■ TASK: Take every line from the records below that includes the word "Dress".

■ DATA EXCERPTS:

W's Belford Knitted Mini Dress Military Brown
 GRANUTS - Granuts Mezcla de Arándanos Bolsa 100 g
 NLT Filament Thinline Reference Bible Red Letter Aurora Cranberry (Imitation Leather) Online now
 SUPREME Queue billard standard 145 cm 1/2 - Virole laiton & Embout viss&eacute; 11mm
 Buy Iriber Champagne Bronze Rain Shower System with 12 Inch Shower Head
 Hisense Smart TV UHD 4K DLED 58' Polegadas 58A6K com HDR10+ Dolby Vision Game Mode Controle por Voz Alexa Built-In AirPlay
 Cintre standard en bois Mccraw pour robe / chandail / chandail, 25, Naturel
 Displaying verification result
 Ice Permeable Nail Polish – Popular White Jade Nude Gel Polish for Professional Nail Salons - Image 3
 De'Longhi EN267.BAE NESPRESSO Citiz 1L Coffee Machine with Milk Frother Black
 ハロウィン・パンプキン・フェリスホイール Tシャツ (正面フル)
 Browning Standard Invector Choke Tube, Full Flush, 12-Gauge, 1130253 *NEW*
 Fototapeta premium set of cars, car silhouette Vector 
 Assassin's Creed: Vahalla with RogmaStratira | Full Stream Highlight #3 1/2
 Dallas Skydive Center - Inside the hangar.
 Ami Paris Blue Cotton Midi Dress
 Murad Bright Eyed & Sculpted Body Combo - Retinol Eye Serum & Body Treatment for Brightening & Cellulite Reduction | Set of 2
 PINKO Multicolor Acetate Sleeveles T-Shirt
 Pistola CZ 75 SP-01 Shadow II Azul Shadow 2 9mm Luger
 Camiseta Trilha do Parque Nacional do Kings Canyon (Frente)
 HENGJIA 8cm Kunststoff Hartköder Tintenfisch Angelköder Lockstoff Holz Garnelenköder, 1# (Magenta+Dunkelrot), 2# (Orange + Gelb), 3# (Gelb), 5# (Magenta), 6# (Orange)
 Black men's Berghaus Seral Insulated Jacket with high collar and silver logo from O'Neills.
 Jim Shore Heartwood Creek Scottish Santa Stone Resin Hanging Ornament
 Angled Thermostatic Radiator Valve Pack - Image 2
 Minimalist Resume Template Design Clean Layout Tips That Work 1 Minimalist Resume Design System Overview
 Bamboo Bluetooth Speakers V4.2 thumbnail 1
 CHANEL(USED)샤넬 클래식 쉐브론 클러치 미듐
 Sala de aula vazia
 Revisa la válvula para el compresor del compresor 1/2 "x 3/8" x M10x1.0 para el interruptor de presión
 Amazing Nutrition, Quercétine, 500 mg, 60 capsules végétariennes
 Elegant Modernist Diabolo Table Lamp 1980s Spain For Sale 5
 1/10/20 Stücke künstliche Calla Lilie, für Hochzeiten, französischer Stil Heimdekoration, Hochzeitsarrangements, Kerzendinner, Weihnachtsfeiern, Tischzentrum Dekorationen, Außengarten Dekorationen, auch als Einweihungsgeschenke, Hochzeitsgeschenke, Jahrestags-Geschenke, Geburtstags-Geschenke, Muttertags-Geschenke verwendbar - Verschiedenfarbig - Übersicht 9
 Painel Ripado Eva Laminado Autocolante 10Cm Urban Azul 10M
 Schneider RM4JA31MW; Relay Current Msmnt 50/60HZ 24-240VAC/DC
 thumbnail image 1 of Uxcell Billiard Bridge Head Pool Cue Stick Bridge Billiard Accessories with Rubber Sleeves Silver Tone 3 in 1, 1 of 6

■ RESULT:
W's Belford Knitted Mini Dress Military Brown
 Ami Paris Blue Cotton Midi Dress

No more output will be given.